Institute of Microbiology and Immunology, Faculty of Medicine, University of Ljubljana, Zaloška cesta 4, 1000 Ljubljana, Slovenia.
Brief Bioinform. 2024 Sep 23;25(6). doi: 10.1093/bib/bbae597.
Over the past decade, there have been many improvements in the field of metagenomics, including sequencing technologies, advances in bioinformatics and the development of reference databases, but a one-size-fits-all sequencing and bioinformatics pipeline does not yet seem achievable. In this study, we address the bioinformatics part of the analysis by combining three methods into a three-step workflow that increases the sensitivity and specificity of clinical metagenomics and improves pathogen detection. The individual tools are combined into a user-friendly workflow suitable for analysing short paired-end (PE) and long reads from metagenomics datasets-MetaAll. To demonstrate the applicability of the developed workflow, four complicated clinical cases with different disease presentations and multiple samples collected from different biological sites as well as the CAMI Clinical pathogen detection challenge dataset were used. MetaAll was able to identify putative pathogens in all but one case. In this case, however, traditional microbiological diagnostics were also unsuccessful. In addition, co-infection with Haemophilus influenzae and Human rhinovirus C54 was detected in case 1 and co-infection with SARS-Cov-2 and Influenza A virus (FluA) subtype H3N2 was detected in case 3. In case 2, in which conventional diagnostics could not find a pathogen, mNGS pointed to Klebsiella pneumoniae as the suspected pathogen. Finally, this study demonstrated the importance of combining read classification, contig validation and targeted reference mapping for more reliable detection of infectious agents in clinical metagenome samples.
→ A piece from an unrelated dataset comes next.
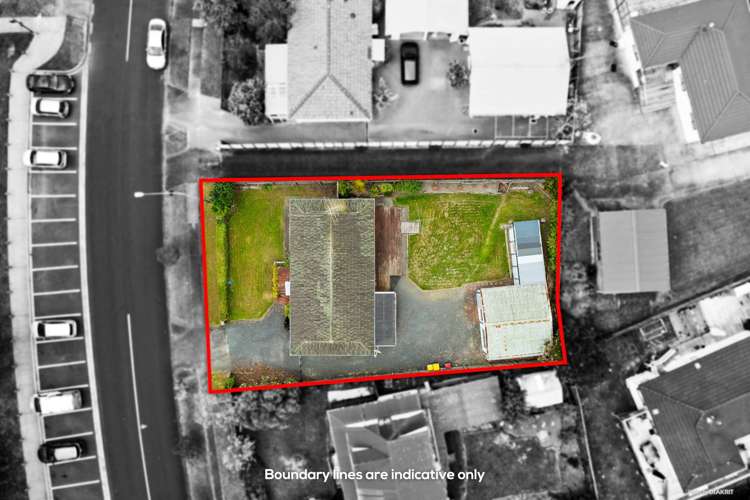 32 Granville Drive Massey_10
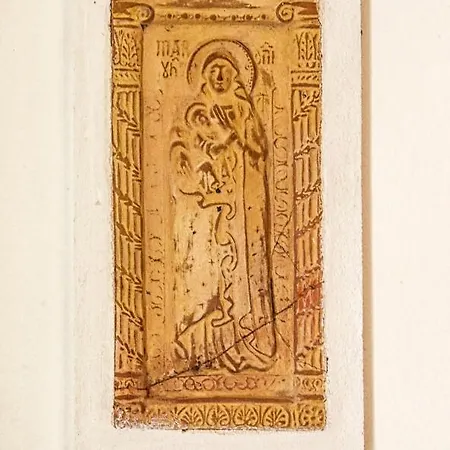 Hébergement de vacances Residenza Ucci Ali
在过去的十年中,宏基因组学领域取得了许多进展,包括测序技术、生物信息学的进步和参考数据库的发展,但似乎还无法实现一刀切的测序和生物信息学流程。在这项研究中,我们通过将三种方法结合到一个三步工作流程中,解决了分析中的生物信息学部分,该工作流程提高了临床宏基因组学的灵敏度和特异性,并改善了病原体检测。将各个工具组合成一个用户友好的工作流程,适用于分析来自宏基因组数据集的短配对末端 (PE) 和长读-MetaAll。为了展示开发的工作流程的适用性,我们使用了四个复杂的临床病例,这些病例具有不同的临床表现,并且从不同的生物部位收集了多个样本,以及 CAMI 临床病原体检测挑战数据集。MetaAll 能够识别所有病例的潜在病原体,但有一个病例除外。然而,在这个病例中,传统的微生物学诊断也不成功。此外,在病例 1 中检测到流感嗜血杆菌和人类鼻病毒 C54 的合并感染,在病例 3 中检测到 SARS-CoV-2 和流感 A 病毒(FluA)亚型 H3N2 的合并感染。在病例 2 中,传统诊断无法找到病原体,mNGS 指出肺炎克雷伯菌为疑似病原体。最后,这项研究表明,对于更可靠地检测临床宏基因组样本中的感染性病原体,结合读分类、连续体验证和靶向参考映射非常重要。